Shares of the game developer and publisher opened slightly higher this morning, despite the company posting uninspiring quarterly results yesterday.

  • Revenue slipped 29% to $236.3 million, given a weaker slate of games offered this time around relative to the prior year's holiday quarter.
  • Adjusted earnings were nearly cut in half to $0.27 a share.
  • The previously announced delay of Max Payne 3 finds Take-Two hosing down its guidance for its fiscal year ending next month.

Just three months ago, Take-Two was targeting a small profit on as much as $1.1 billion in revenue here in fiscal 2012. Now the company is eyeing a loss between $0.60 a share and $0.75 a share on no more than $840 million in revenue. Gee, that's a big difference just because Max Payne 3 is rolling out two months late.

Max pain, indeed.

Making matters worse, Take-Two still doesn't have a release date for Grand Theft Auto V, the long-awaited follow-up to 2008's then-record-breaking Grand Theft Auto IV. All we know is that the game is in full development.

This all sounds pretty bad. Why isn't the stock getting crushed today, the way that smaller rival THQ was when it disappointed investors earlier this week?

Well, for starters, it's all about expectations.
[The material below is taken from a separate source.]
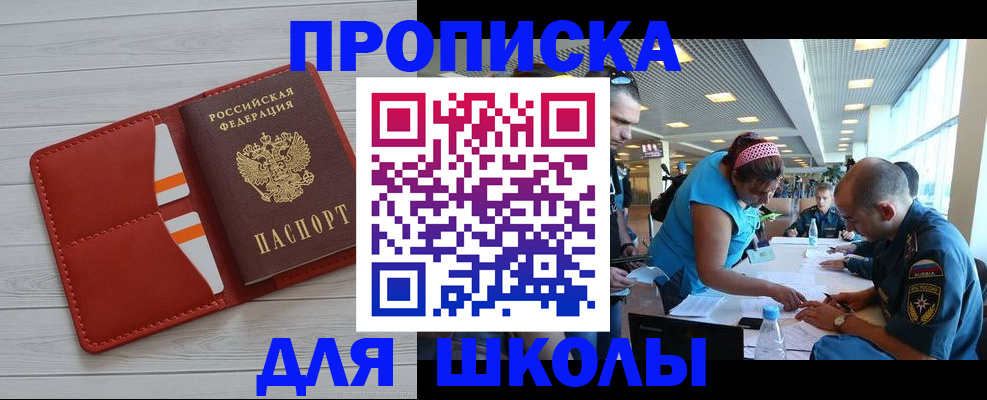 прописка гарантия в Ржеве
Analysts were only banking on a profit of $0.23 a share out of Take-Two. Larger rival Electronic Arts (Nasdaq: EA) also posted better than expected results this week, encouraging investors into believing that Wall Street has underestimated this sector. THQ is a troubled outlier. If EA and Take-Two are blowing past analyst profit estimates, market leader Activision Blizzard (Nasdaq: ATVI) is probably heading toward a Wall Street beat when it reports next Thursday.
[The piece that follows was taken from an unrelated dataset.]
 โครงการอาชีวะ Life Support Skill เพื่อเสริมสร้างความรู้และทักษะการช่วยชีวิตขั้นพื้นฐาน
However, the better explanation for Take-Two opening 6% higher this morning comes from the company's cheery outlook for fiscal 2013.

"Fiscal 2013 is expected to be one of our best years ever, with substantial revenue growth and Non-GAAP net income in excess of $2.00 per diluted share," CEO Strauss Zelnick is quoted as saying in last night's earnings release.

In other words, forget about this crummy fiscal year that ends in a matter of weeks. Take-Two is now fetching just eight times Zelnick's bottom-line target for the fiscal year ahead that begins in April.

Is that really the power of Max Payne 3? No. Given the sparse slate of titles officially announced so far, projecting more than $2 a share in adjusted profitability for the upcoming fiscal year implies that Grand Theft Auto V will be released in fiscal 2013.

Then again, given Take-Two's history of jarring outlook revisions, let's see if Zelnick is still as upbeat three months from now.